Duality is at the core of man’s existence
By Jiddu Krishnamurti | Express News Service | Published: 16th February 2018 10:30 PM |
Last Updated: 17th February 2018 04:49 AM | A+A A- |
CHENNAI: It was a sparkling morning, full of intense beauty. There seemed to be extraordinary order, but, of course, inside each house there was disorder — men plotting, children crying or laughing; the whole chain of misery stretching unseen from house to house. Spring, autumn and winter never broke this chain.
But that morning, there was a rebirth. Those tender leaves never knew the winter nor the coming autumn. They were vulnerable and therefore innocent.
From the window one could see the old dome of the striped marble cathedral and the many-coloured campanile; and inside, dark symbols of sorrow and hope.
The man I saw, was a painter. He had long hair, delicate hands, and was enclosed in the dream of his own gifts. He would come out of it — talk, explain — and then go back into his den. He said his pictures were selling and he had had several one-man exhibitions. He was rather proud of this, and his voice told of it.

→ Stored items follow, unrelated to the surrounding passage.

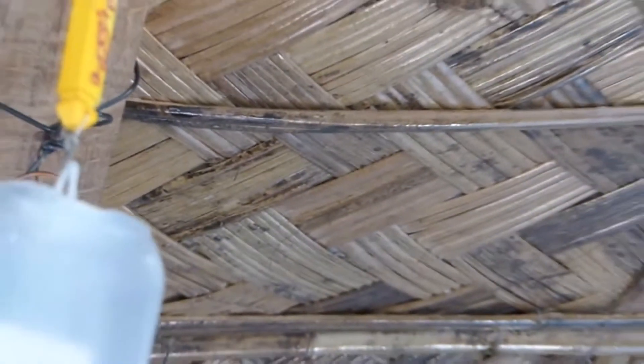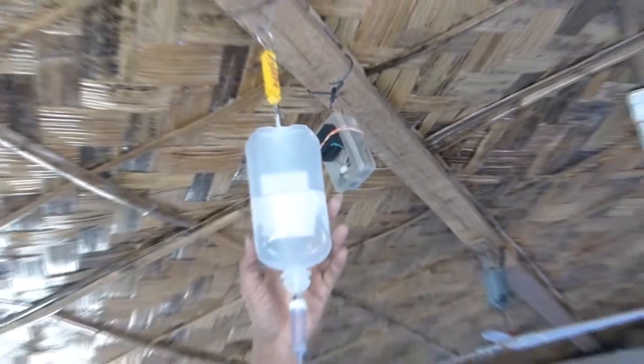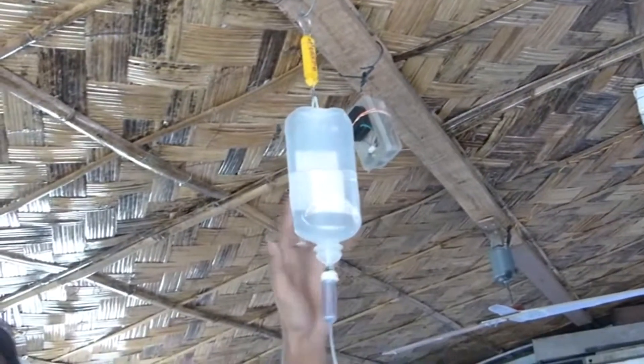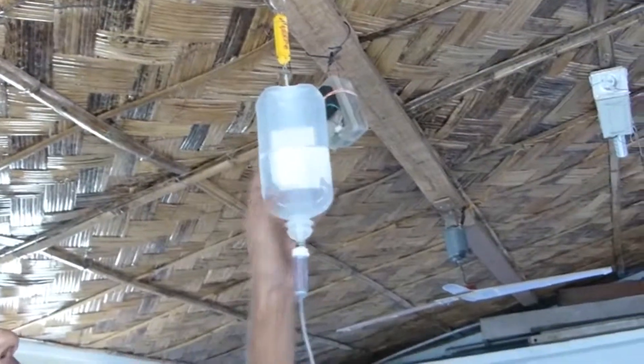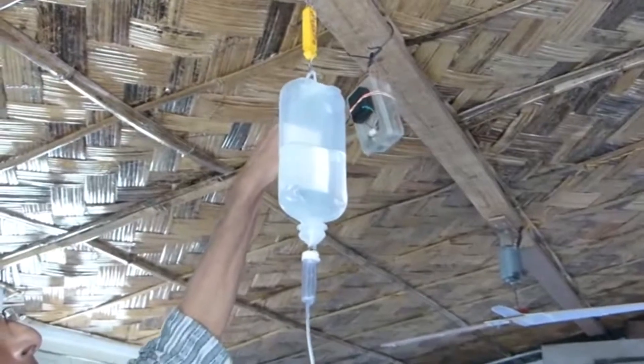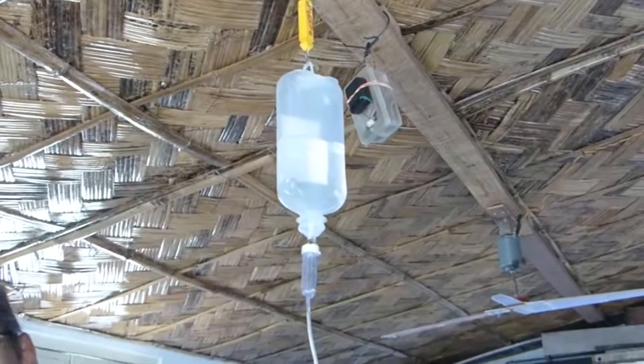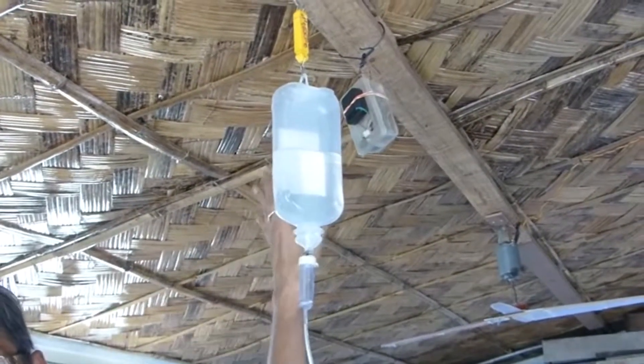Now we hang this bottle here on the switch. This is half filled. We have calibrated roughly in around 100 to 110 milliliters of saline will be there and the alarm will start functioning.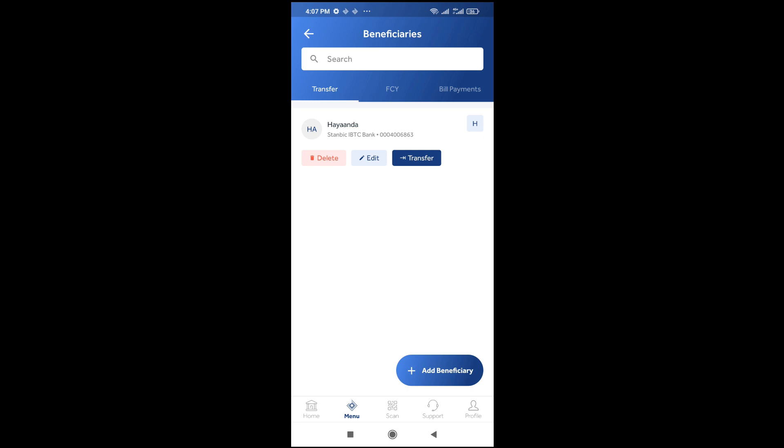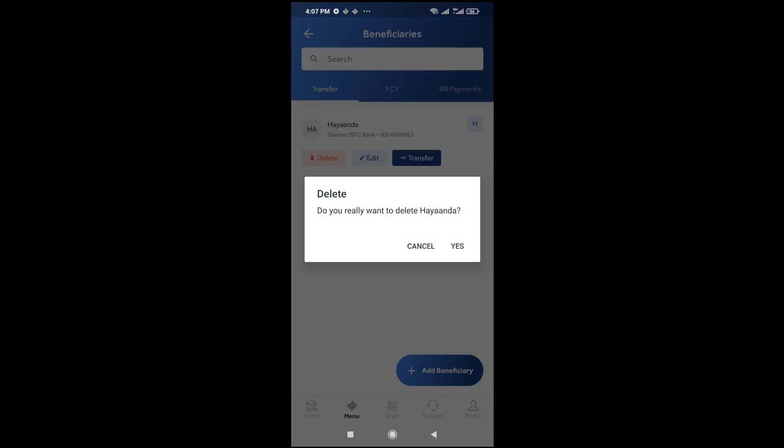As you can see, you see the delete option right there. Click on delete to continue. Then it asks if you really want to delete the beneficiary. Just click on yes to continue.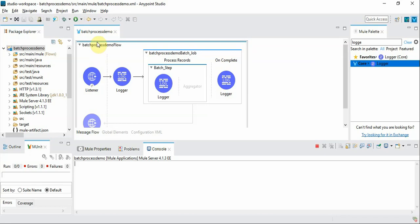Hello and welcome to Mule 4 training video. In this video we are going to talk about advanced features of batch process.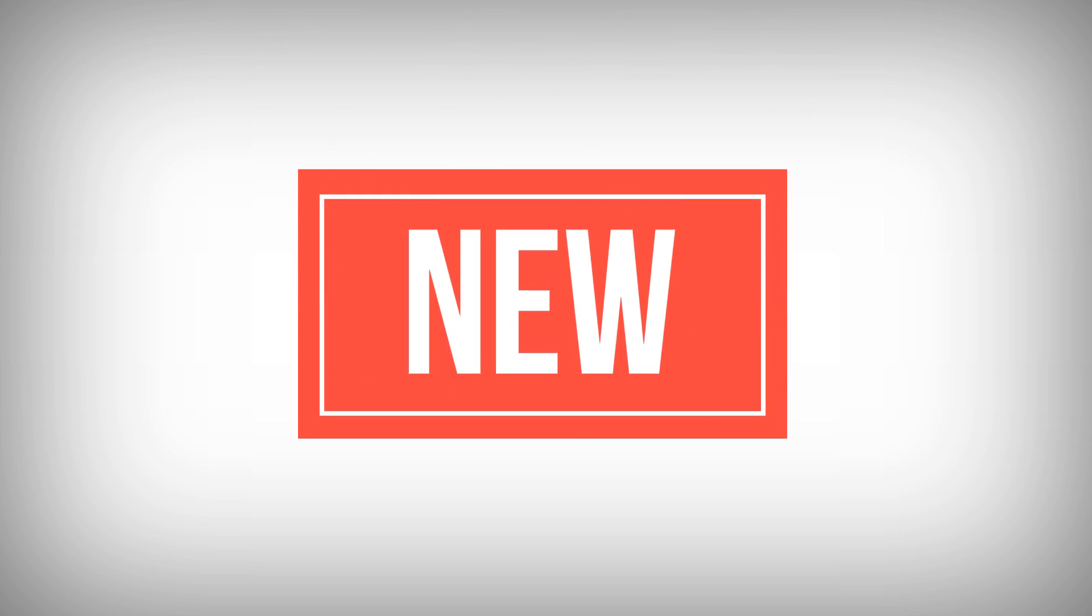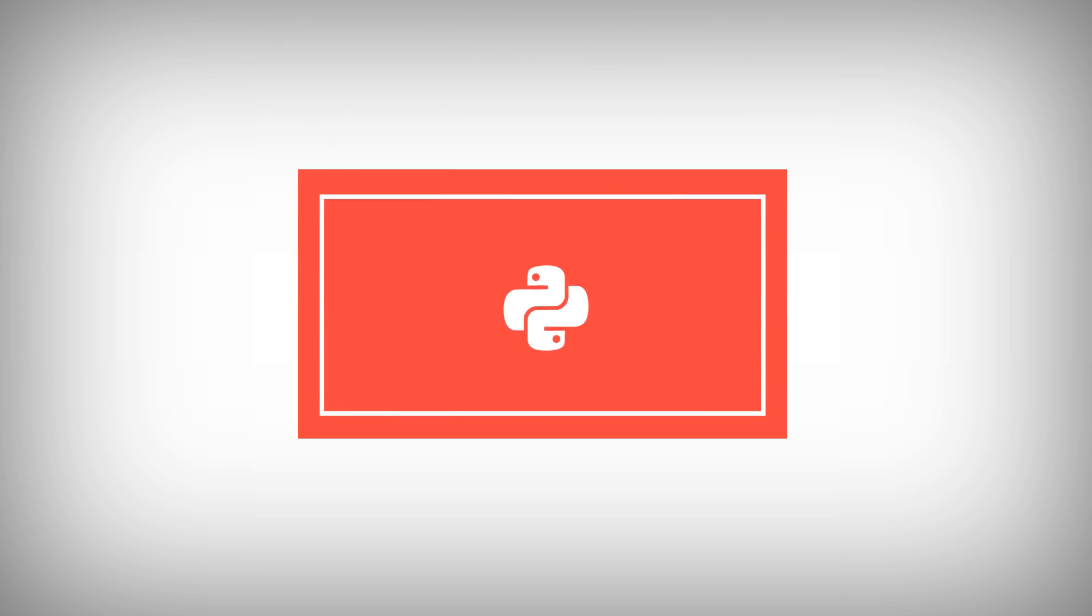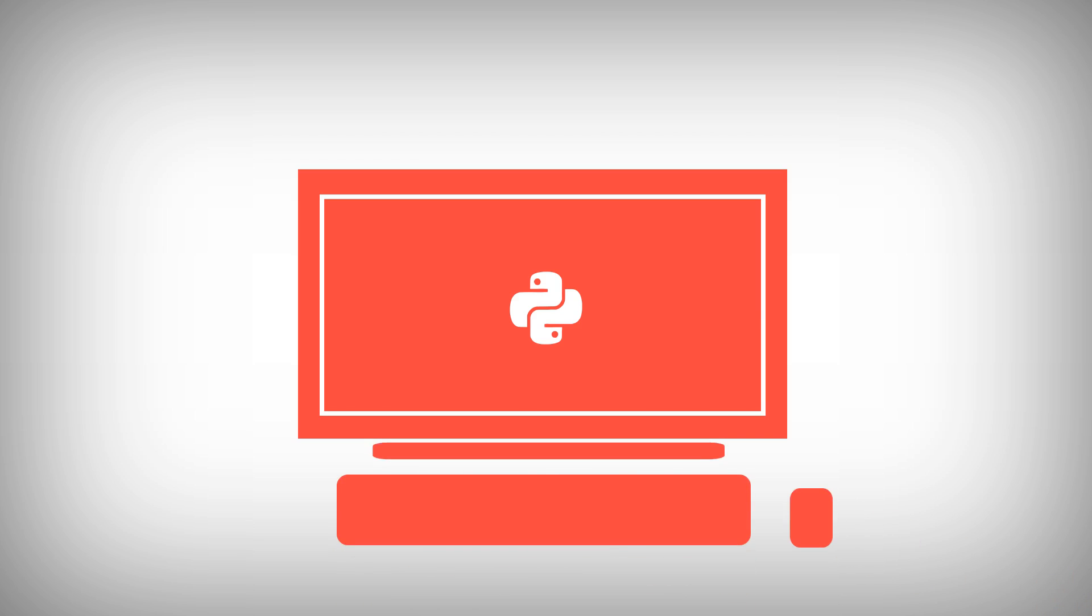Are you brand new to coding? Want to see how entertaining and easy it can be? Take our engaging course on Introduction to Programming with Python and start your coding journey.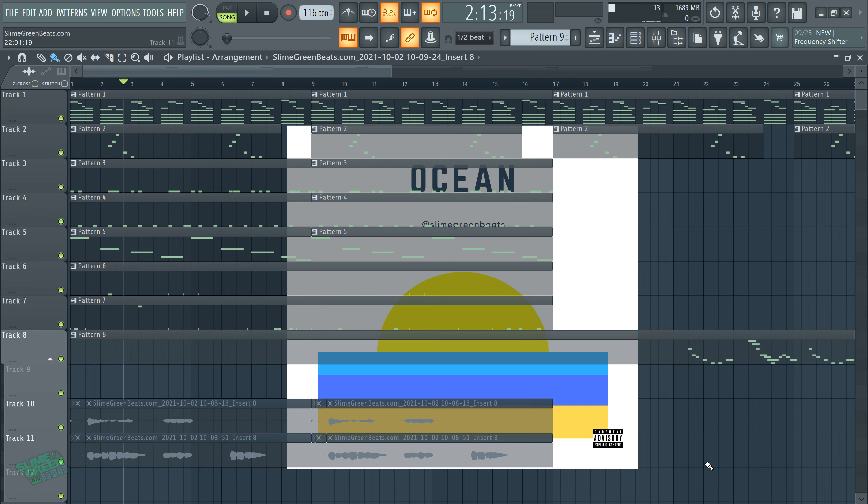What up y'all, Slyon Green Beats in the building. In this video, I'm going to show you guys how to remove a background image in FL Studio 20.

And then there was the army, within its own walls of self-interest; the businessman, enclosed in steel and glass; the housewife, waiting for her husband and her children.
There was the museum-keeper, and the orchestra conductor, each living within a fragment of life, each fragment becoming extraordinarily important, unrelated, in contradiction to other fragments, having its own honours, its own social dignity, and its own prophets.
In the common greed, hate and aggression, human beings are related. It is the mind and the heart that divide — God and hate, love and violence — and in this duality, the whole culture of man expands and contracts.
The unity of man does not lie in any of the structures which the human mind has invented. Co-operation is not the nature of the intellect. Between love and hate there can be no unity, and yet it is what the mind is trying to find and establish.
Thought has constructed this culture of aggression, competition, and war; and yet this very thought is groping order and peace. But thought will never find order and peace, do what it will. Thought must be silent for love to be.